Foreign automakers are attracting anger from government officials and media in China over steep markups on luxury cars.
But the critics miss a key point. China's economy is healthy enough to support the buying.
"A vehicle is often a personal statement about one's wealth and place in the social hierarchy, so many consumers are willing to pay extra to make an impact statement about themselves," Tim Dunne, director of global automotive operations at marketing-consulting firm JD Power and Associates, said in an interview.
The issue came to a head recently when China's Ministry of Commerce said it would move to change rules governing vehicle sales in the world's largest auto market. The announcement capped off a string of news reports casting Audi, BMW and other offshore automakers as the villains in a scenario of jacked-up prices and bad feelings between dealers and automakers.
The government could move to limit auto makers' power to demand a deposit from dealers, the ministry said, to give local dealers more freedom over the vehicles they sell.
But would such a move be appropriate? It's worth noting that so far, one of the loudest critics of high prices on foreign luxury vehicles has been the China Automobile Dealers Association. Luo Lei, the group's deputy secretary, told China Daily last month that his organization would investigate the "unreasonable pricing and excessive profits" of some foreign car brands in China, amid price-fixing investigations on a range of foreign products and sectors.
But buyers apparently don't mind the high prices as much as some people think. Furthermore, claims that foreign companies are conspiring to set sky-high prices also seem unfounded.
China imports about 1 million cars a year, and imports of BMW and Mercedes-Benz, the top two companies, total about 300,000 units. That is less than two thirds the total - the amount required under Chinese law for a market participant to be deemed a monopoly. Underlying the 19.3 million cars delivered in China last year is a domestic auto industry with a healthy amalgamation of Chinese and foreign brands.

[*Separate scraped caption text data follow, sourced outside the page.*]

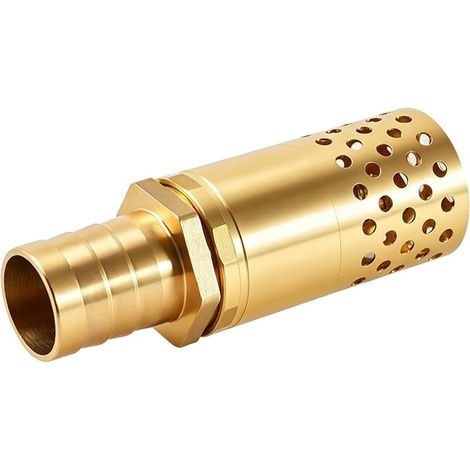 Suction filter set, brass check valve 1 inch IG + brass hose socket AG 25 mm, foot valve with check valve, foot valve with suction basket for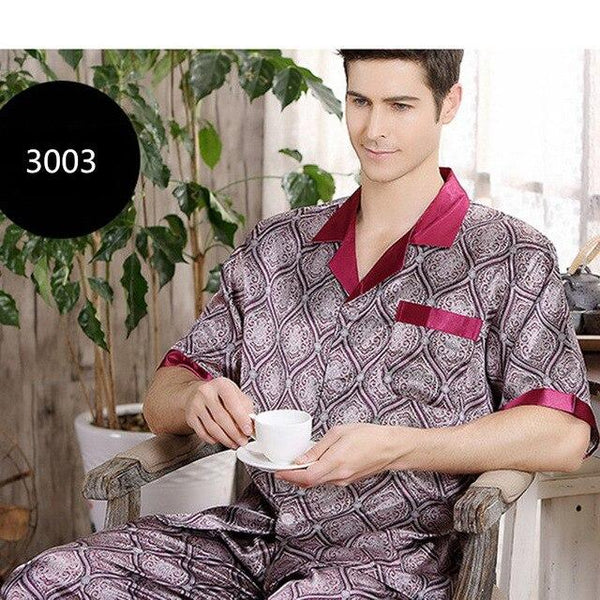 2019 new summer Silk Short Sleeve Pajama Set Pajamas Sleepwear Silk Nightgown Home Stian Soft Cozy Thin Coat Pants Housewear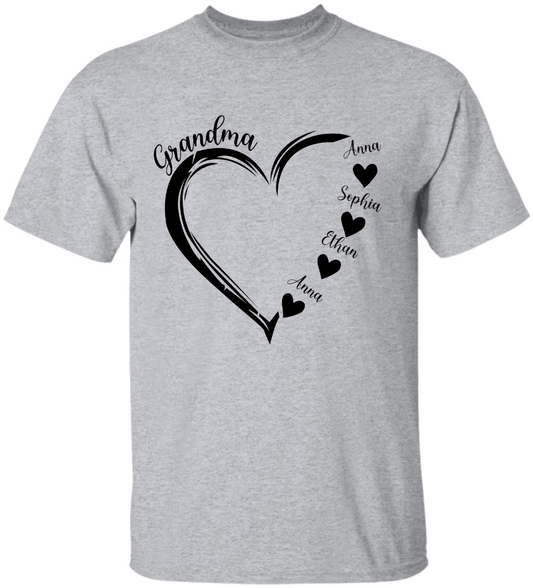 Lofaris Heart Love Grandma And Kids Family Custom T - Shirt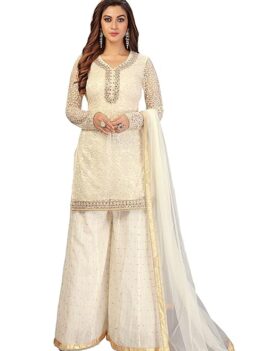 TRENDMALLS Women's Cotton Embroidery Salwar Suit Sharara.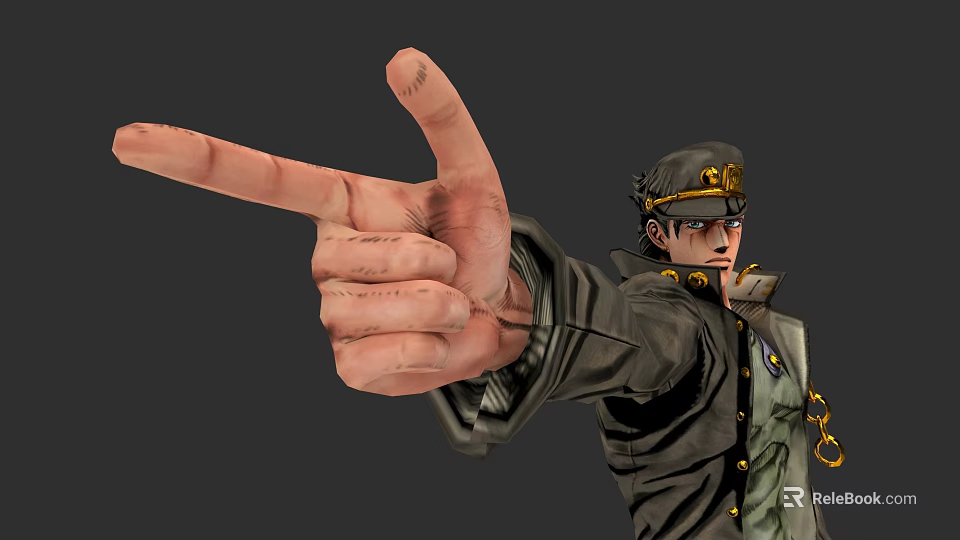 Anime Game Character Wearing Military Hat Long Coat With Pointing Hand Gesture In 3d model 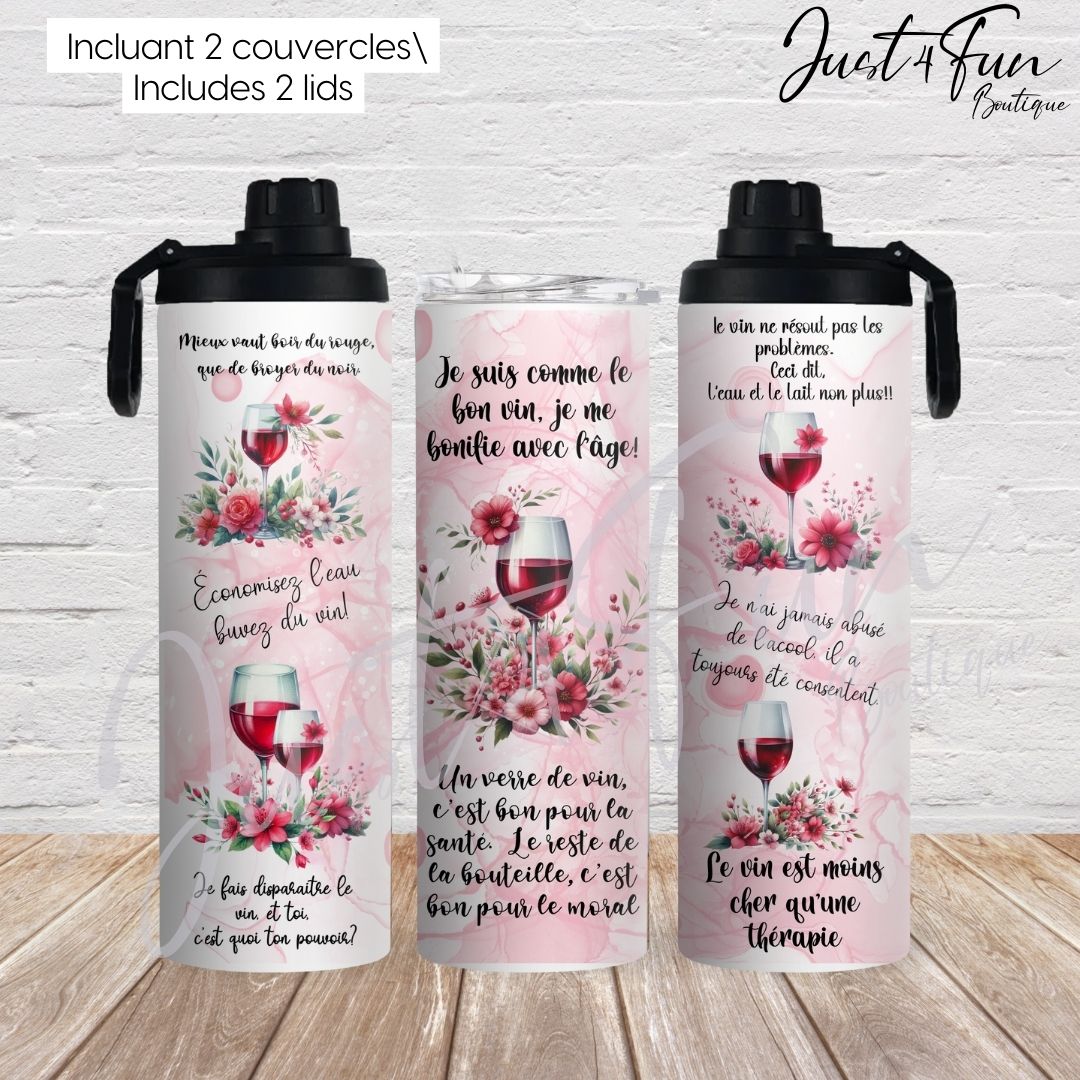 Citation humoristique sur le vin  2in1 tumbler www.j4funboutique.com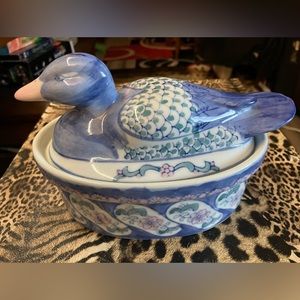 DUCK CASSEROLE DISH Chinese Blue Green Pink Floral Gray  Porcelain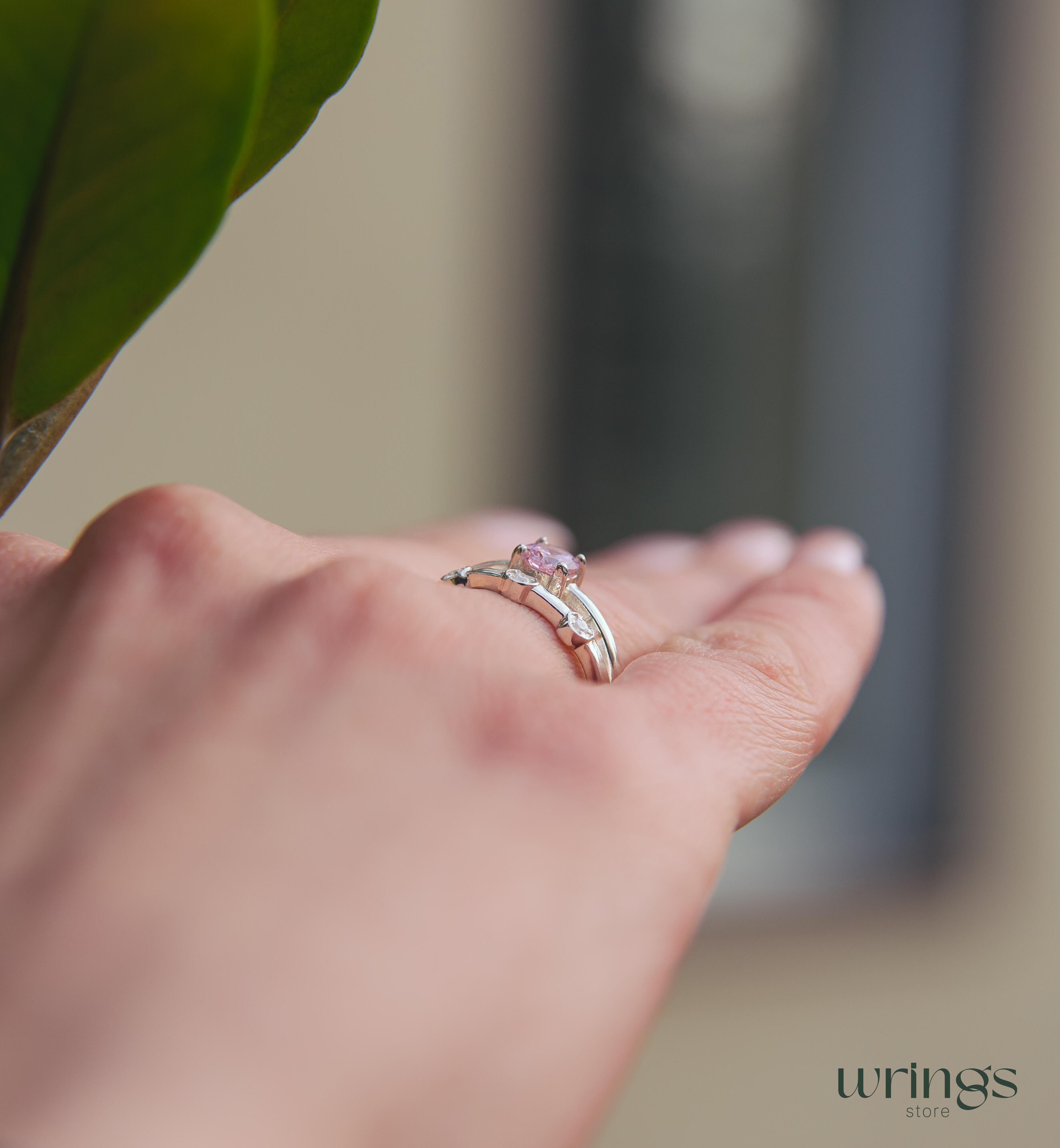 Split Shank Amethyst Engagement Ring with 3 Accent stones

Certainly the high price of vehicles is partially due to relatively high duties and fees on vehicles in China, including the import duty - which is at least 25 percent on vehicles -value added tax, consumption tax and so on. The import duty on cars in the US, for example, is only 5 percent, Dunne said.
But that factor is less significant than the idea that when the goal is maximizing profits, it's fair to charge what the market will bear - in other words, the highest price you can sell your goods at in the market you are in.
"The final price paid for any product or service - whether it be a vehicle, a bouquet of flowers, or a meal - is ultimately decided by the buyer," Dunne said. "If the consumer doesn't want to pay the price, they can walk away, or choose something else. This is especially true in China's automotive industry, which offers more brands and models than any other country in the world."
Should there be a "level playing field" for all car makers in China, as critics have suggested? "A free market requires that everyone plays by the same rules," Dunne said. "The goal is not to make every competitor equal, the goal is to make the game fair for everyone. Then let the best companies win."
One wonders how buyers' presumed awareness of the price disparity but lack of regard for it as an issue - because they measure wealth and social status by the high price they pay for these cars - would affect the government/dealer industry effort to deal with these concerns.
"That is a good question," Dunne said. "Clearly, the ability to pay higher prices elevates the social status of the buyer in China. If consumers are willing to pay more to achieve the social recognition they desire, I am not sure how one puts a cap on the pricing."
In light of the handsome profits dealers have raked in on luxury-vehicle sales because of consumers' willingness to pay more for a vehicle that sets them apart from their peers, this anger directed at foreign automakers seems especially myopic.